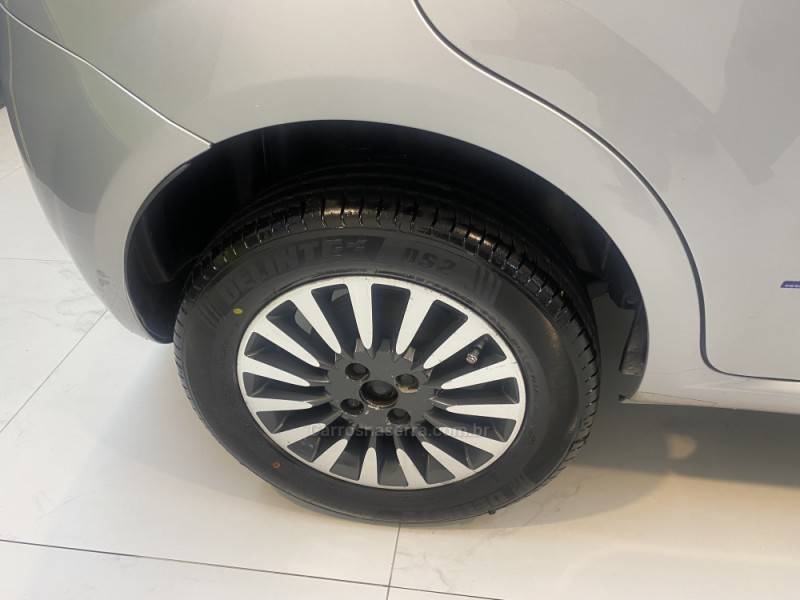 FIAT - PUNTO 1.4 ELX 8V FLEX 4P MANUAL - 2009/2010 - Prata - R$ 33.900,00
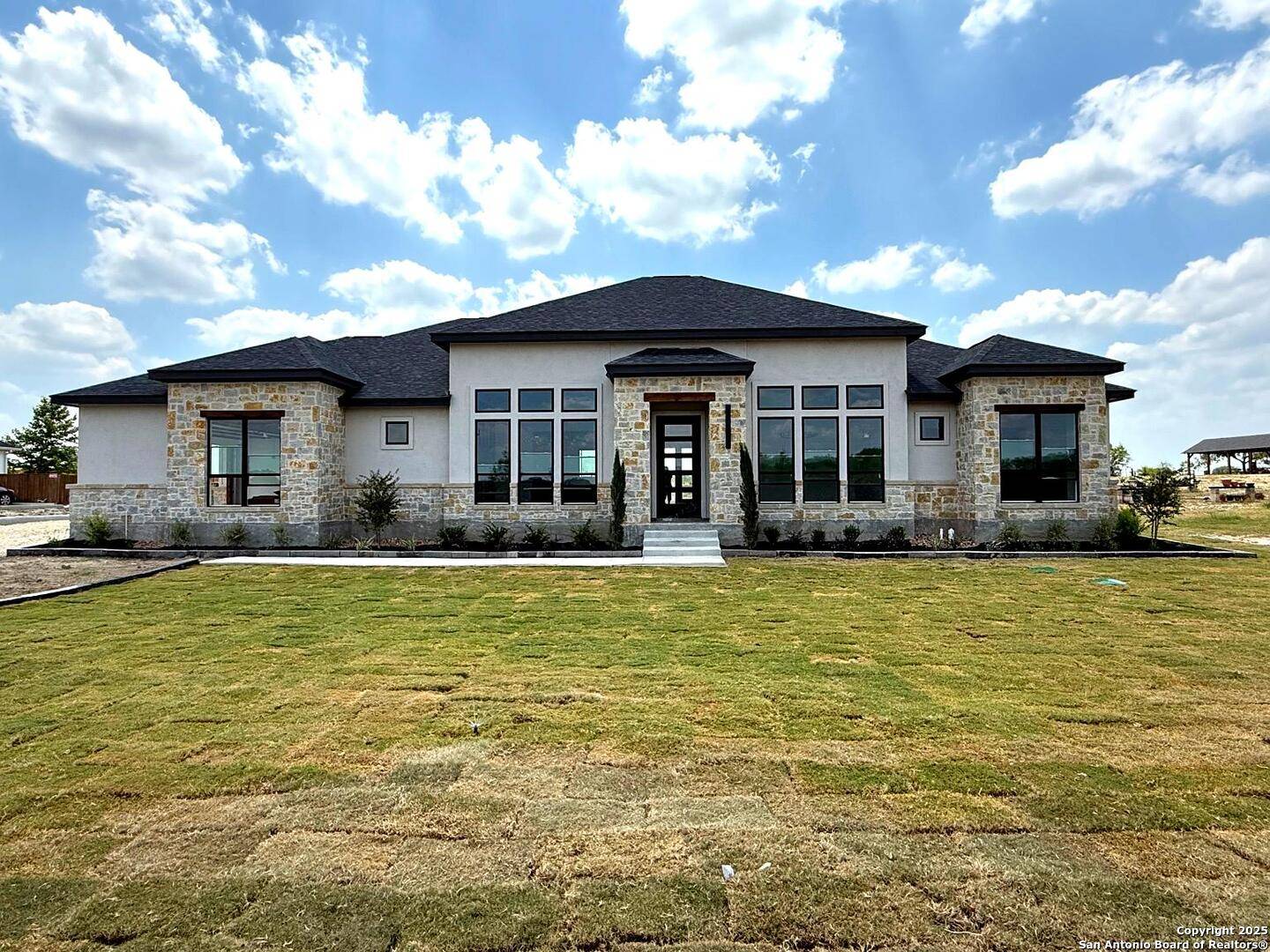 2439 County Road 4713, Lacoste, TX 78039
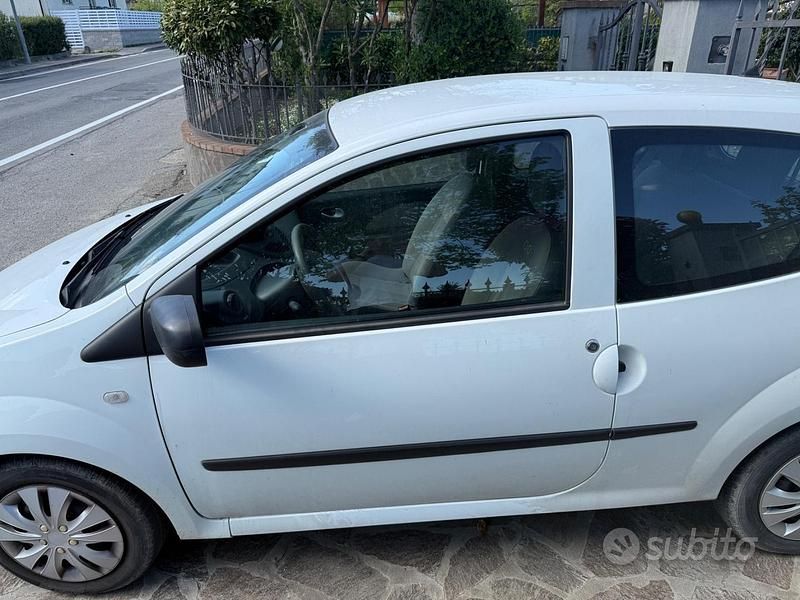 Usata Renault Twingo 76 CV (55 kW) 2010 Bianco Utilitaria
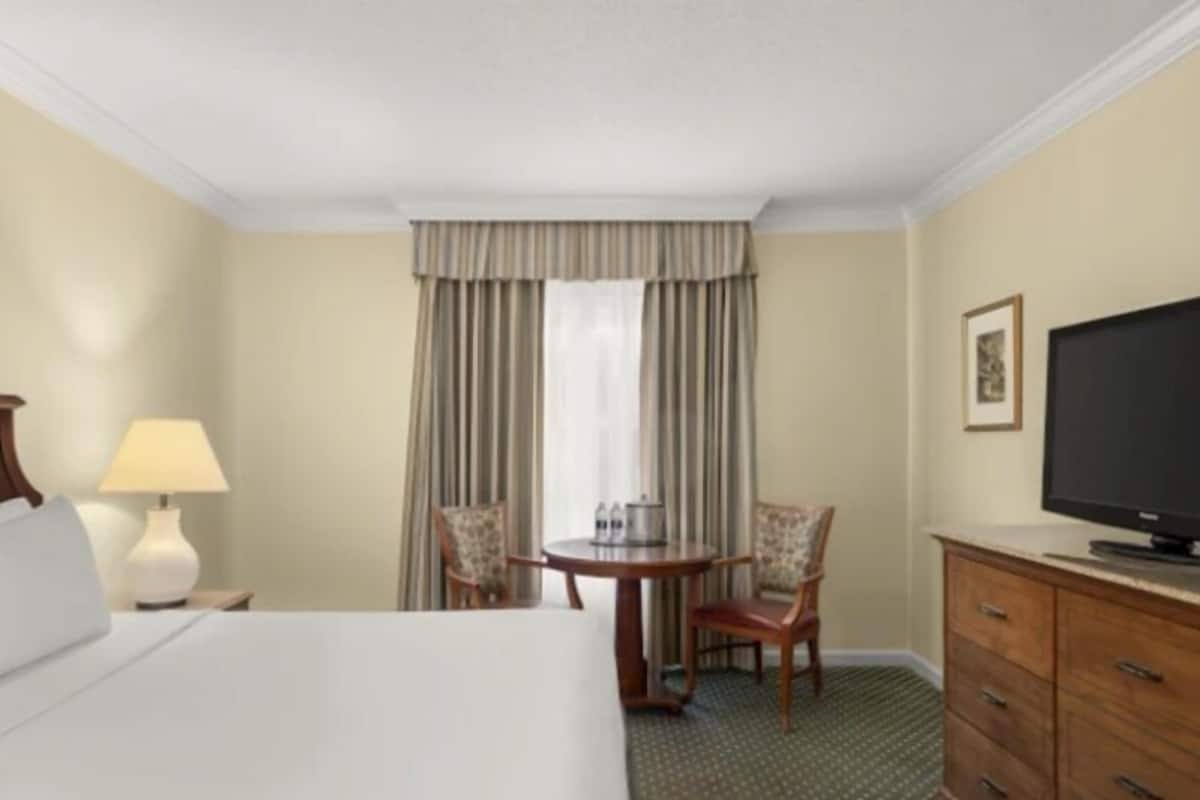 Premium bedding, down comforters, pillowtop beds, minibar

● Task requirements: Skip every picture and retype only the lines from the line with "Usata Renault Twingo" through the last line of the listing, both ends included, exactly as they appear.

● Answer section:
 Usata Renault Twingo 76 CV (55 kW) 2010 Bianco Utilitaria
 Premium bedding, down comforters, pillowtop beds, minibar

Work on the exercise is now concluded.